In Europa, si stima che la tratta di esseri umani produca annualmente 29,4 miliardi di euro di profitti, in gran parte provenienti dallo sfruttamento della prostituzione (64%) seguito dallo sfruttamento lavorativo. Tra i paesi di origine delle vittime di tratta in testa la Nigeria (65,6%), seguita da Pakistan (4,5%), Marocco (2,6%), e da Gambia e Costa d’Avorio, quest’ultimo trend in crescita negli ultimi anni. Sono infatti di origine ivoriana il 4,6% delle 130 donne e ragazze con figli assistite dal sistema antitratta italiano nel 2022. Si tratta di giovani donne due volte vittime dello sfruttamento, per gli abusi e i ricatti che fanno leva sulla loro condizione di madri vulnerabili. La fascia di età prevalente è tra i 18 e i 25 anni.
In Puglia ha ripreso nuovo slancio per il quinto anno, la rete regionale “La Puglia Non Tratta 5 – Insieme per le vittime” di cui è titolare la Regione Puglia volta ad arginare l’aumento di sfruttamento sessuale al chiuso e tramite i siti pornografici. Altro obiettivo: contattare le vittime di sfruttamento lavorativo soprattutto nelle campagne tra Foggia e Trani e prevenire il rischio di tratta a partire dai CARA (in particolare Bari Palese) e dai Cas e Sai, come già segnalato dalle operatrici antitratta di recente, spesso fonte di nuove leve per la moderna schiavitù, come donne, anche minori, per lo sfruttamento sessuale; uomini in particolare bengalesi, per quello lavorativo.

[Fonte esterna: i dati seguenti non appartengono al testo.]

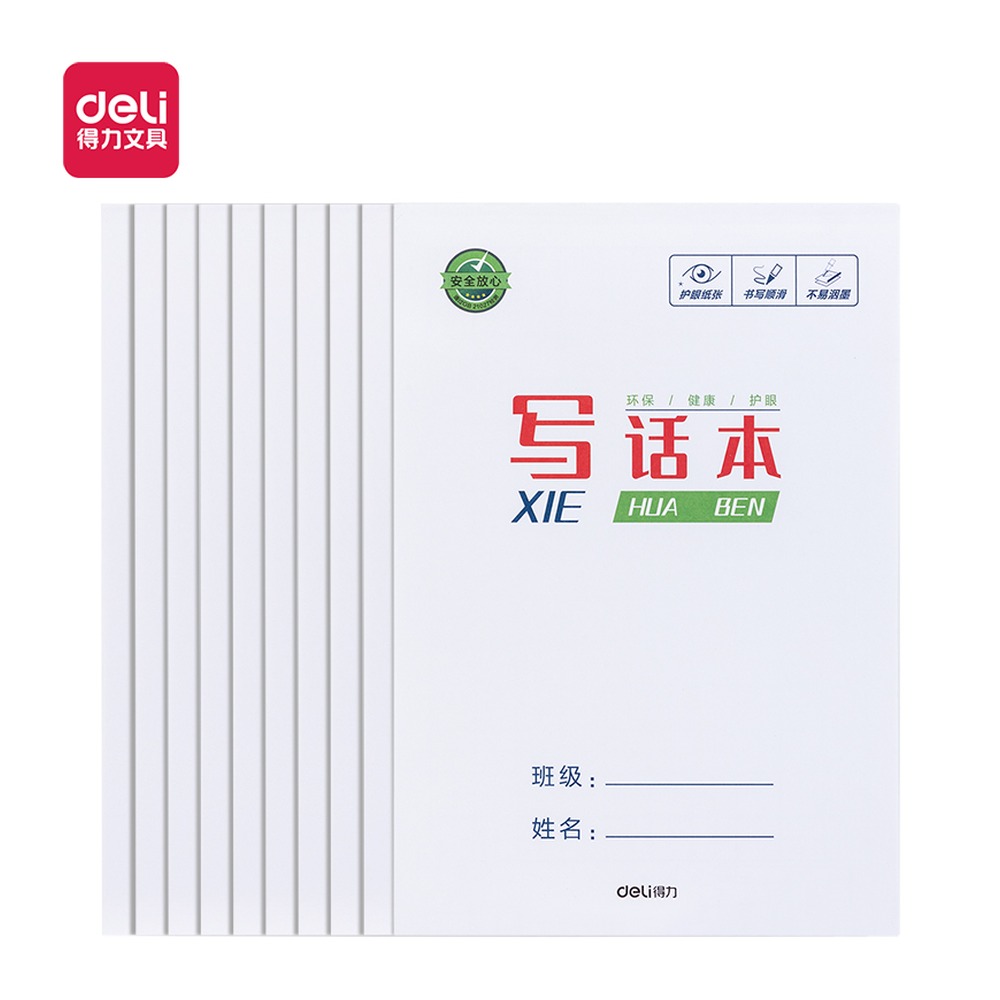DELI/得力 胶装本 J1630SX 颜色:白色；结构:胶装；适用:写话本 单位:本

Basti pensare a F. giovane ivoriana, costretta in Puglia al lavoro nei campi di pomodoro di giorno senza contratto e per pochi euro, e a prostituirsi per i propri connazionali in un ghetto per i lavoratori in nero. Invisibile tra gli invisibili. Messa in salvo dopo aver chiesto aiuto in ospedale per una grave lesione vaginale. Grazie alle operatrici della Comunità Papa Giovanni XXIII che fa parte della rete antitratta della Puglia.